The O’Daly Bardic School in the 1300s was located near the village of Kilcrohane on the Sheep’s Head peninsula.
LEADER funding of €18,000 has allowed the local community council to hire heritage experts to conduct archival research and hold public consultations as part of a tourism assessment of the ruins of a famed ruin.
“The objective is to assess any work to date on the bardic school tradition, both locally and nationally,” said Anne O’Donovan of the Muintir Bháire Community Council. “We understand that the Sheep’s Head school was one of a number around the country and this would be a unique project.
“A public meeting will be held and the researchers may link in with local schoolchildren as well. There will be broad consultations with people about the potential to develop a year-round attraction.”
The professional assessment project is due to be completed by March next.
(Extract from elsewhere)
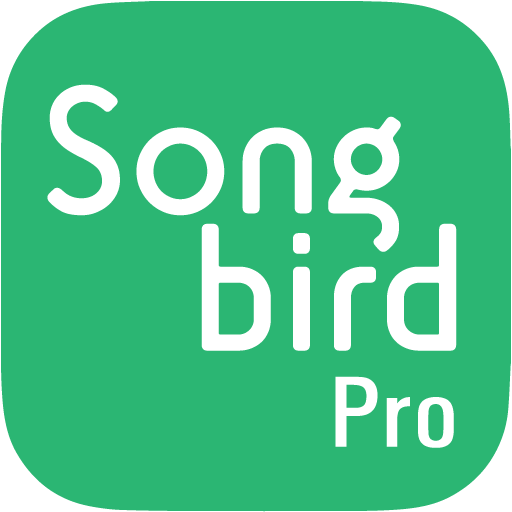Songbird Pro icon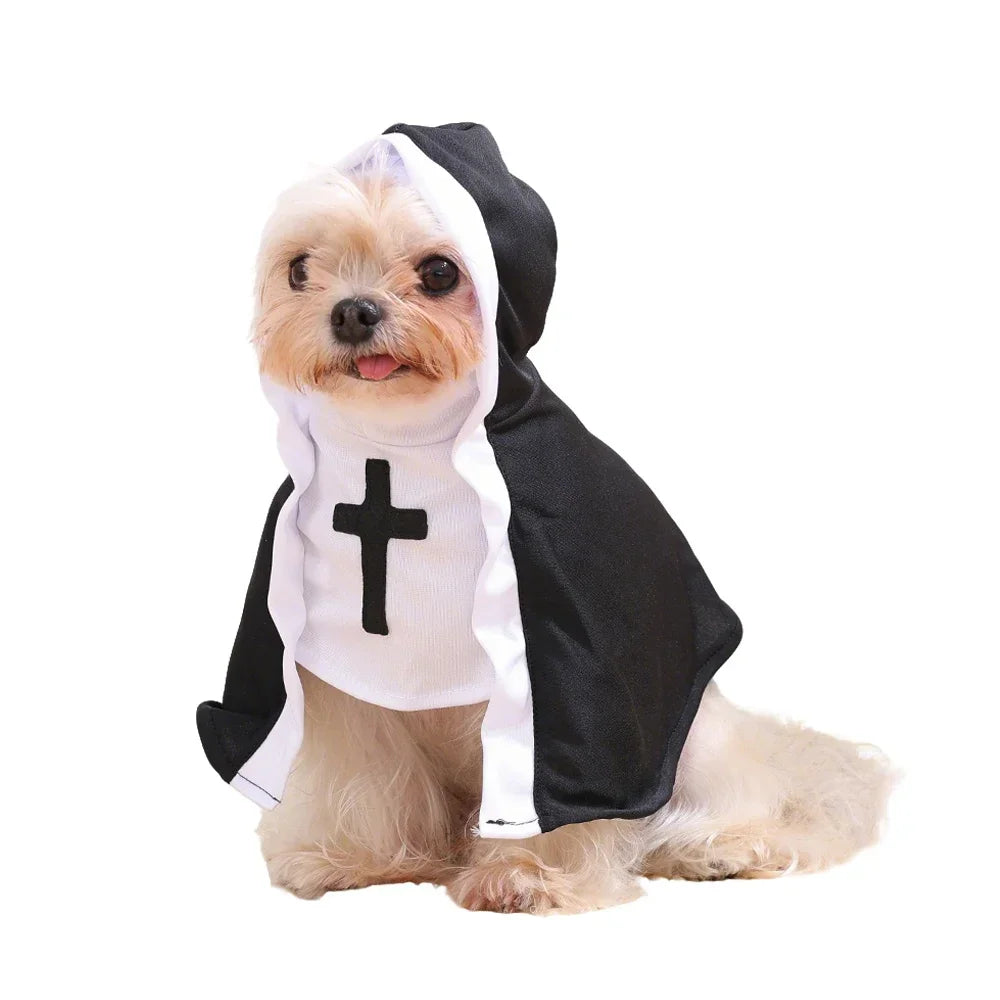 Cat & Dog Halloween Costume - Costume Dress for Pets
The school was run by a family of bardic poets, the O’Dalys, from around the 14th century.
“Bardic poets were professionals hired by clan leaders,” said Caroline Crowley, a volunteer researcher with the Muintir Bhaire group.
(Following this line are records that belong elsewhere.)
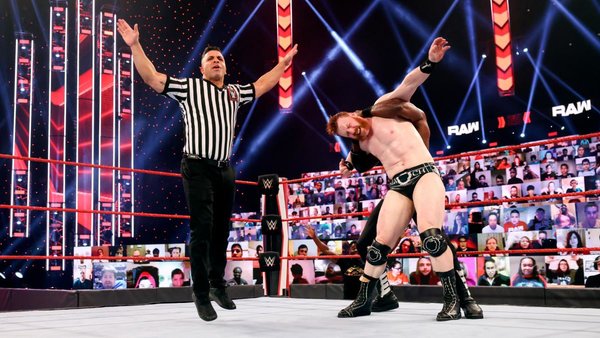 Sheamus Hurt Lock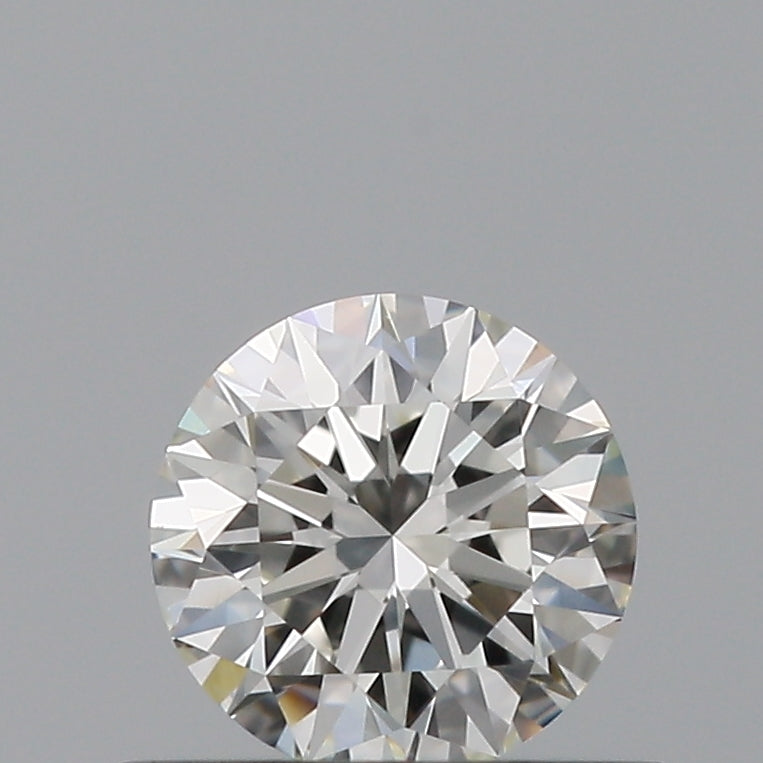 0.41 carat Round diamond I  VVS1 Excellent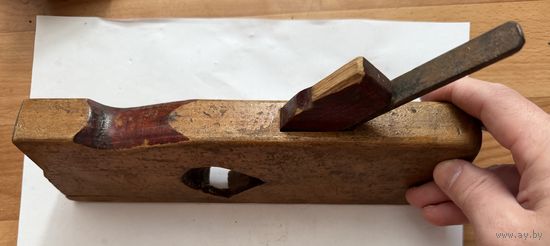 Рубанок 3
“They were essentially chroniclers of history and politics. In a way, they were the journalists of their day and, also, very much the PR people of their day for their chieftains. They wrote elegies praising the chieftain and his family,” she said.
The O’Dalys were poets to MacCarthy Reagh and O’Mahony the Western and the last known professional poet of the Sheep’s Head clan was Conchobhar Cam O’Daly who was still writing elegies in 1660. “The role of the bardic poets was to sing the praises of these families to demonstrate their status and power to those who would have been beneath them in social status.”
Local folklore has it, she said, the king of Spain sent his sons there but two of his sons drowned when their boat struck a rock while mackerel fishing.
“What is special about the school on the Sheep’s Head Peninsula is it is one of the few places where we know, for sure, a bardic school existed,” she said, with its ruins constituting a wall and a window.
“We know that in the 1840s, an Ordinance Survey was carried out and this is the first documented evidence about a structure identified as a bardic school,” Ms Crowley said.
“What is really special about the bardic schools is they show a side of our history in medieval times many of us are not familiar with.
“They give an insight into a very structured society where places of learning were available, where people studied for seven years learning Latin and Greek and rigorously training to become bardic poets.
“The fact that that sort of education, which had an international dimension and happening in a very remote part of Ireland is fascinating,” she added.